DATA BELOW –
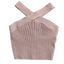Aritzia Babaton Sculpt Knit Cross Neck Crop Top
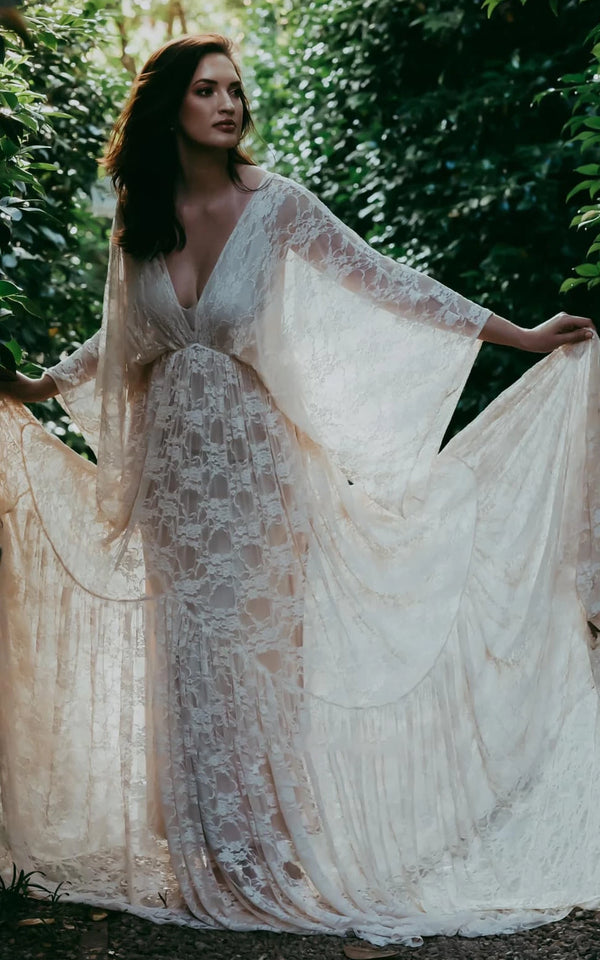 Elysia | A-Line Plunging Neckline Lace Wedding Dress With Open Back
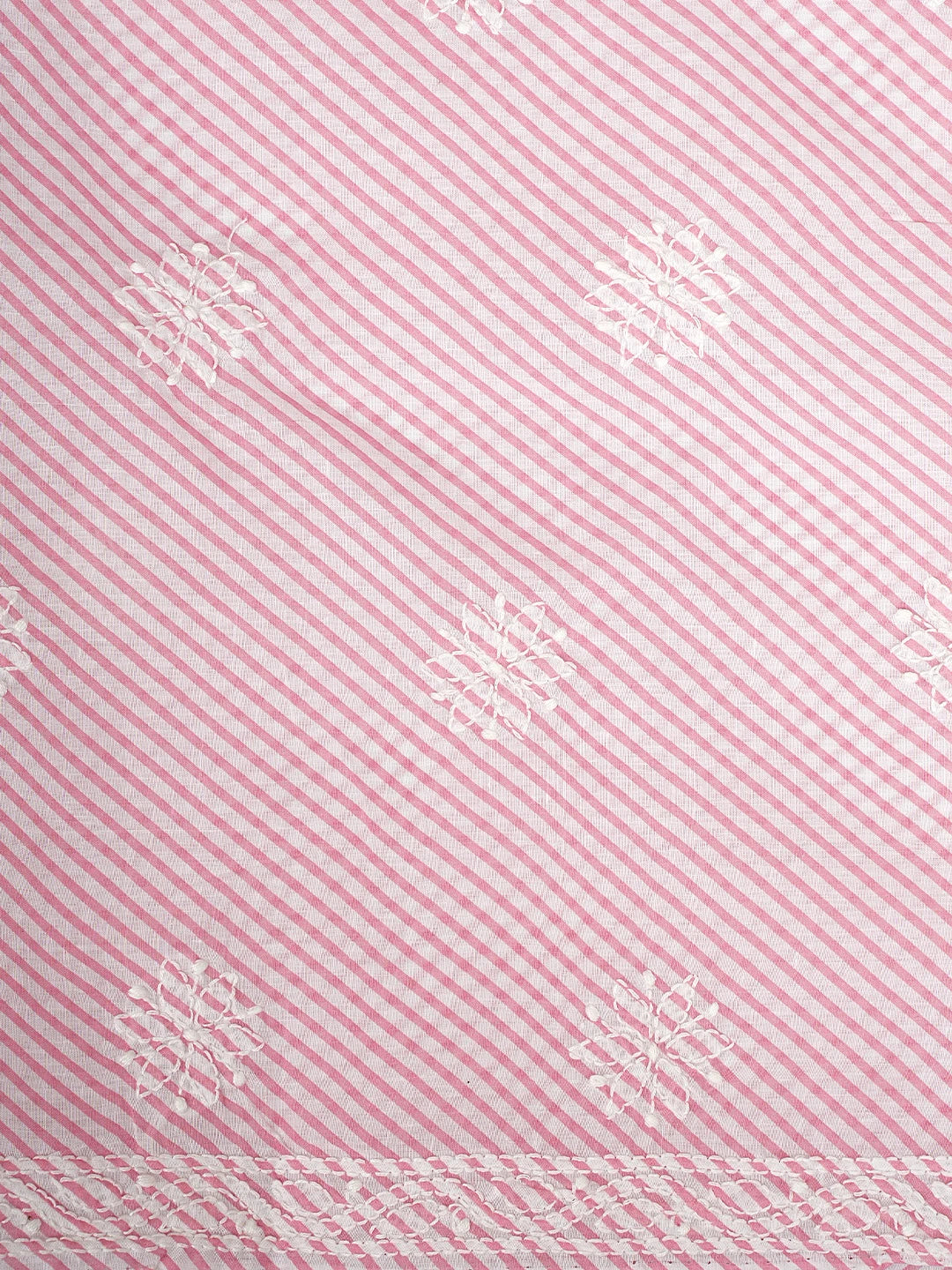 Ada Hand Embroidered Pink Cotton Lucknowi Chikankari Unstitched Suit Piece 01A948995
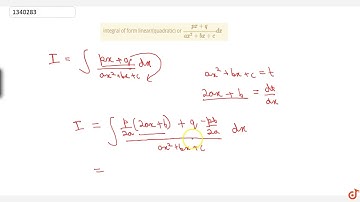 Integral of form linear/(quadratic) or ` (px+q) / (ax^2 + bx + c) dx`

DESCRIPTION OF THE TASK – Once the images are removed, print the remaining data exactly as it appears above.

TASK SOLUTION –
Aritzia Babaton Sculpt Knit Cross Neck Crop Top
 Elysia | A-Line Plunging Neckline Lace Wedding Dress With Open Back
 Ada Hand Embroidered Pink Cotton Lucknowi Chikankari Unstitched Suit Piece 01A948995
 Integral of form linear/(quadratic) or ` (px+q) / (ax^2 + bx + c) dx`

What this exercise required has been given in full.